Hedge fund Kerrisdale Capital released its much-anticipated report on Dish Network Wednesday, claiming that in the best case the satellite TV company’s wireless spectrum is worth about a third of the value Wall Street has placed on it, and adding that the stock should be trading at less than half its current price.
Kerrisdale has made a living out of short selling stocks, and its Dish positon is no different. The fund raised eyebrows earlier this month when it tweeted that it planned to short Dish stock, a move that caused Dish shares to lose about 13% of their value over several days.
This time the market seemed prepared. Although Dish dipped as low as $46.68 per share in early trading Wednesday (down 1.8%), it has since gained ground, priced at $47.60 each (up 0.13%) by early afternoon.

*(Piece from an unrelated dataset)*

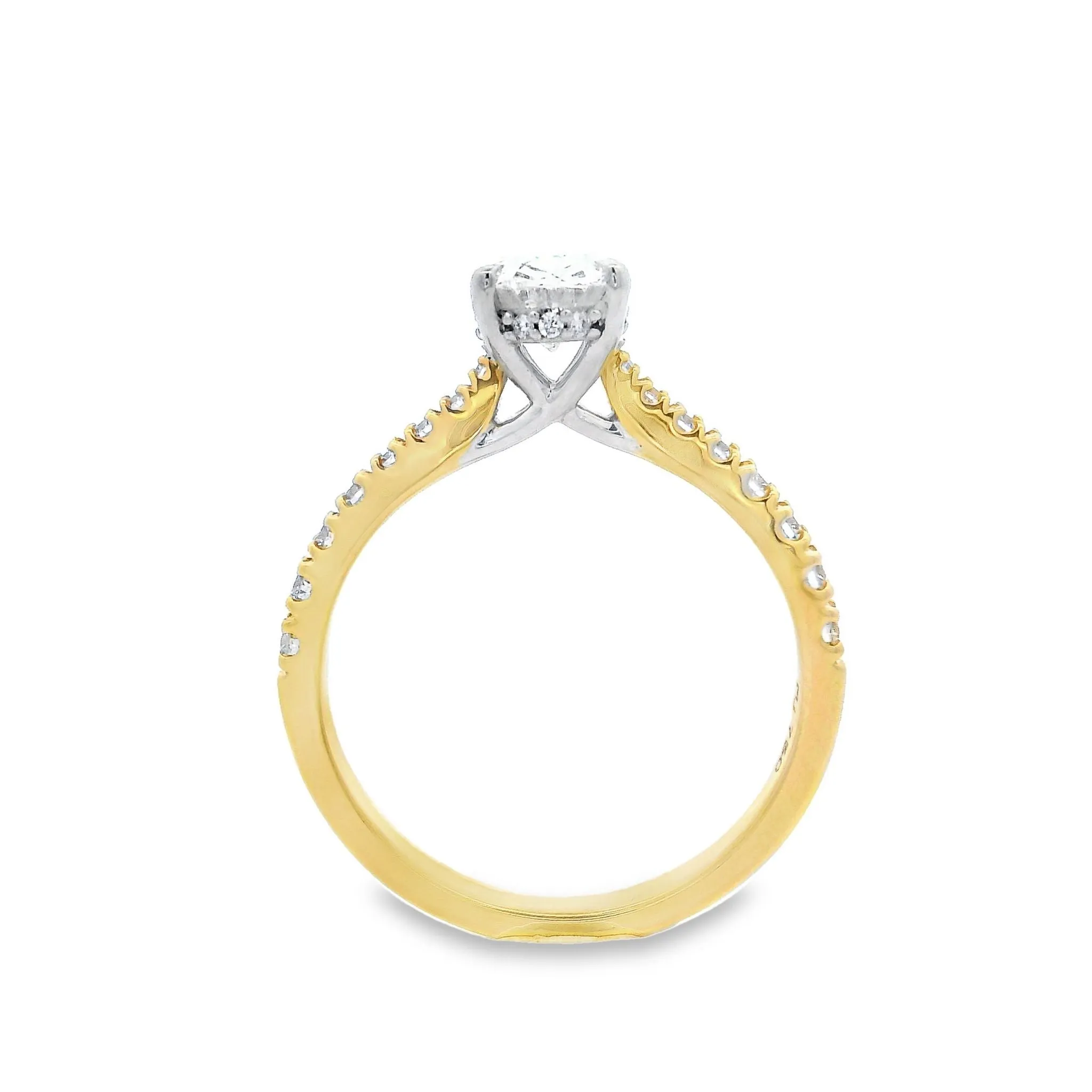 18ct Yellow & White Gold Oval Cut Lab Grown Diamond Engagement Ring with Shoulder Stones TDW= 1.39ct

In its report, Kerrisdale said that Dish’s spectrum, which the market values at about $18.5 billion, is worth $5.65 billion in its base case scenario and just $118 million in the worst-case. Kerrisdale’s argument is that spectrum is not as scarce as Wall Street believes and carriers have other ways to expand capacity, namely by building more cell sites.
With a spectrum value that low, and a rapidly declining satellite TV business, Kerrisdale estimates that Dish stock is worth about $20 per share (vs. the $48 per share target of most analysts) in the best case, and just $8 in the worst-case.

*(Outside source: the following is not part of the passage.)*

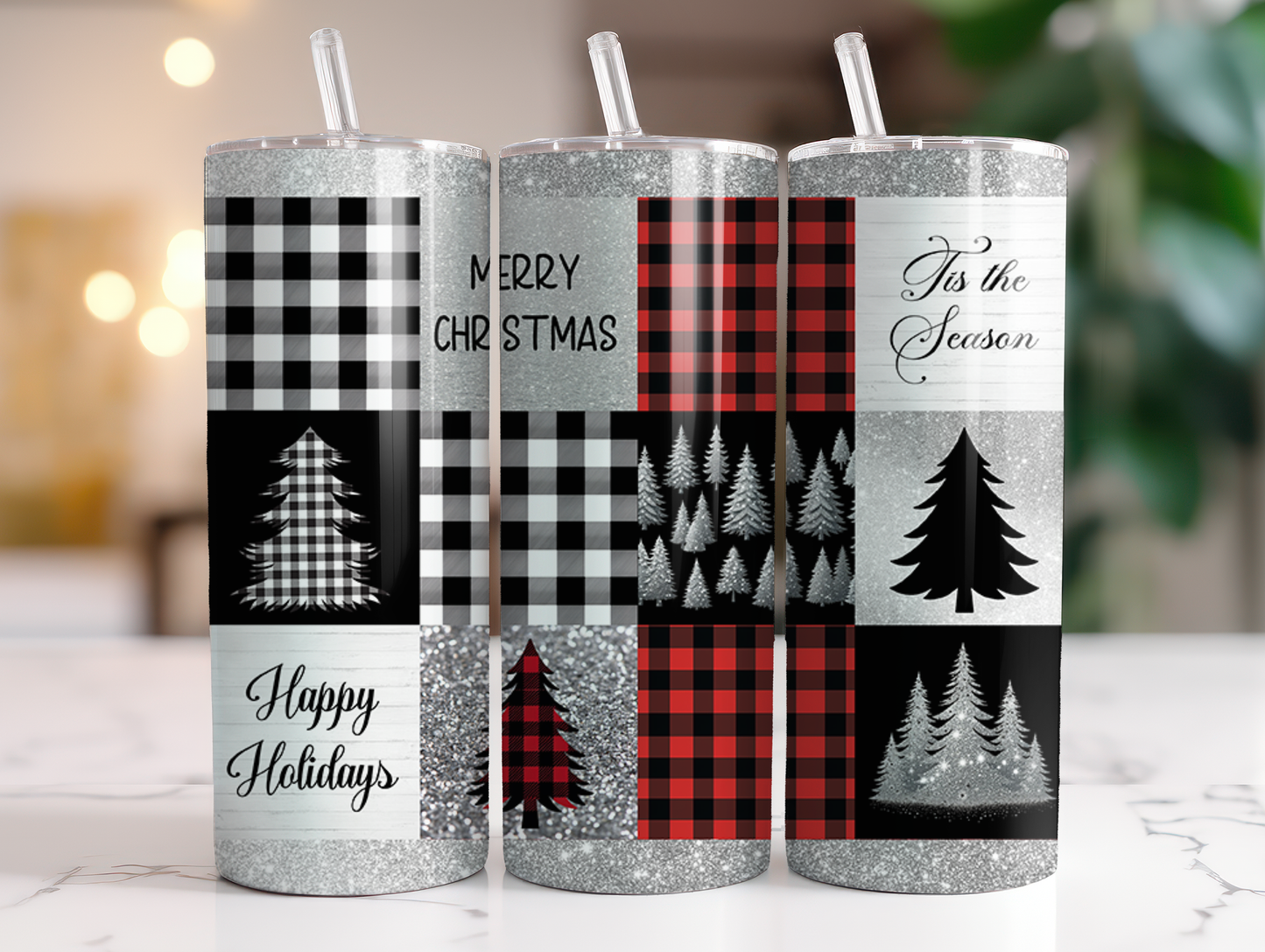 Plaid Christmas Trees 20oz Skinny Tumbler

In the report, Kerrisdale acknowledges that such dramatically lower price targets could be difficult to take. But it said that Dish has been trading on borrowed time for too long.

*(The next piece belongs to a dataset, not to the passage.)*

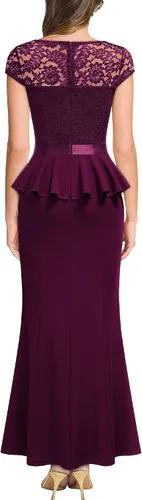 Vista 2 de MISSMAY Elegante vestido largo de cóctel con volantes y encaje floral para mujer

“Dish’s swagger alone has convinced many that, no matter how much it seems like there’s no real plan, everything will somehow work out anyway,” Kerrisdale said in the report. “But, considered dispassionately, Dish’s current strategic direction was always a dangerous longshot: levering up a slowly decaying business to double and triple down on an illiquid, highly specialized, highly regulated, limited-life, non-cash-flowing asset with only two to three plausible buyers. Dish has outlived many skeptics over the years, but, in investing as in gambling, there’s such a thing as pressing your luck.”
Dish hasn’t changed its position either, issuing an identical statement to the one it released when the Kerrisdale report was a mere rumor. Although the company is in a quiet period around its planned participation in the upcoming broadcast incentive spectrum auction, the company said it would continue running its business as always.
"We understand Kerrisdale is shopping a negative report on Dish and may be shorting our stock in an attempt to make a short-term gain while we are in an FCC-mandated quiet period,” Dish said in the statement. “We will continue to manage the business for the long-term benefit of our shareholders as we have done over the last 35 years.”